▶

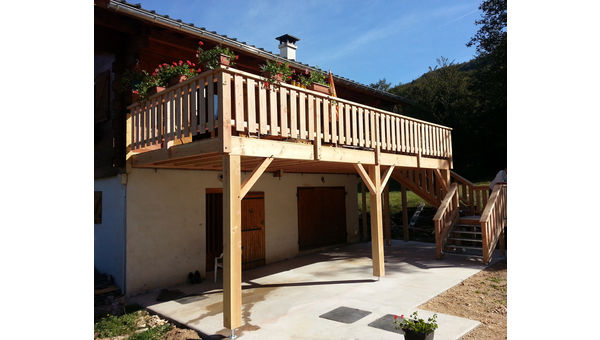 Terrasse Douglas sur poteaux à Vassieux en Vercors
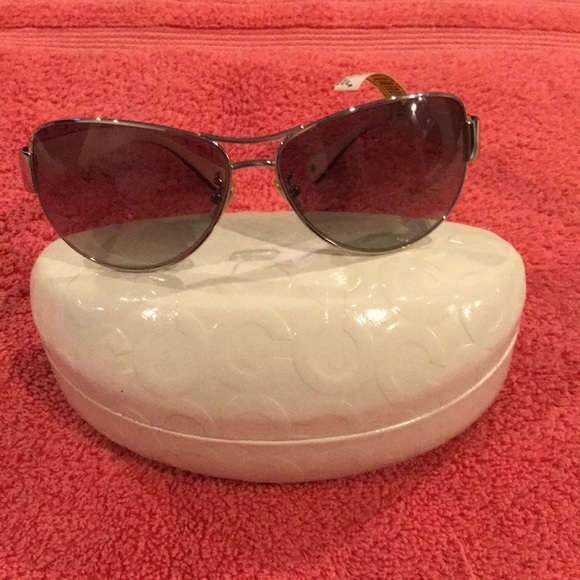 Coach Sunglasses Brand New, with case - Picture 1 of 4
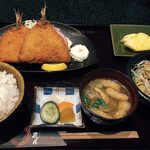 魚けん - アジフライ定食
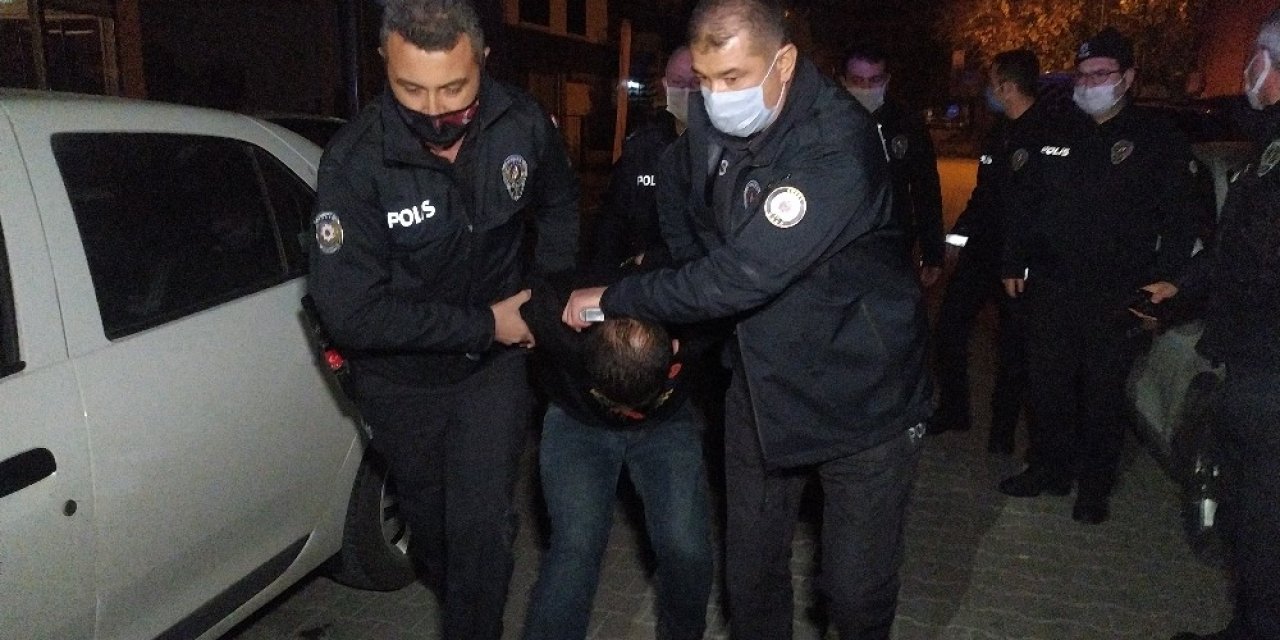 Polisin Gözü Önünde Hava Ateş Açıp Kaçmak İstediler, Kıskıvrak Yakalandılar
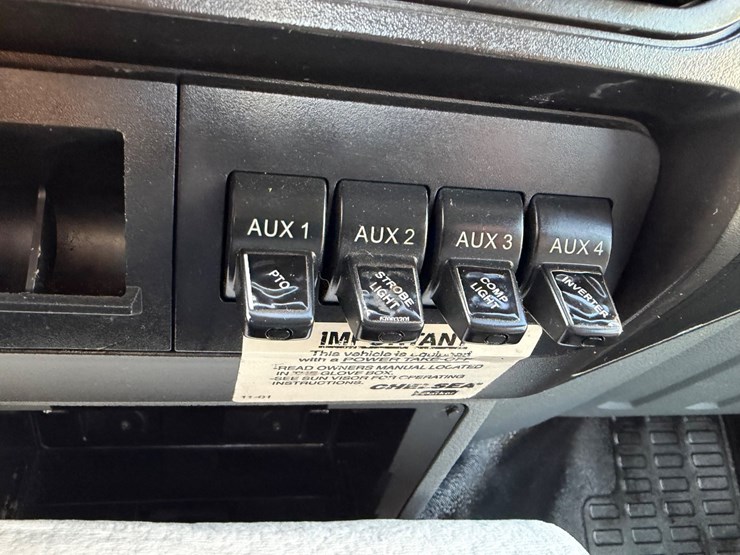 2011-ford-f450-image-24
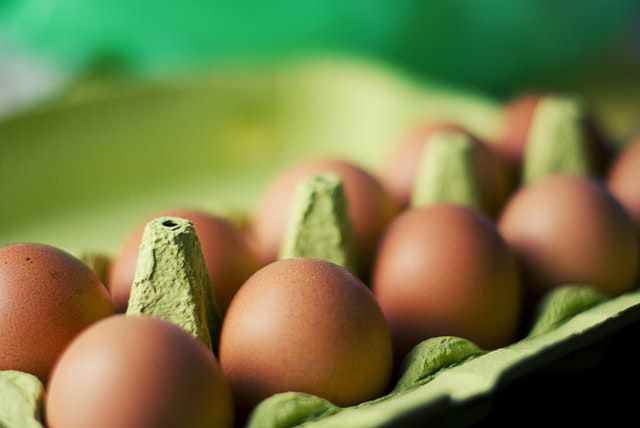Deshalb werden Eier im Supermarkt nicht gekühlt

◀

● **What you will do**: Word-for-word restatement: every line from the one with "2011-ford-f450-image-24" through the final line of the data, both ends included, pictures excluded.

● **Exercise result**:
 2011-ford-f450-image-24
Deshalb werden Eier im Supermarkt nicht gekühlt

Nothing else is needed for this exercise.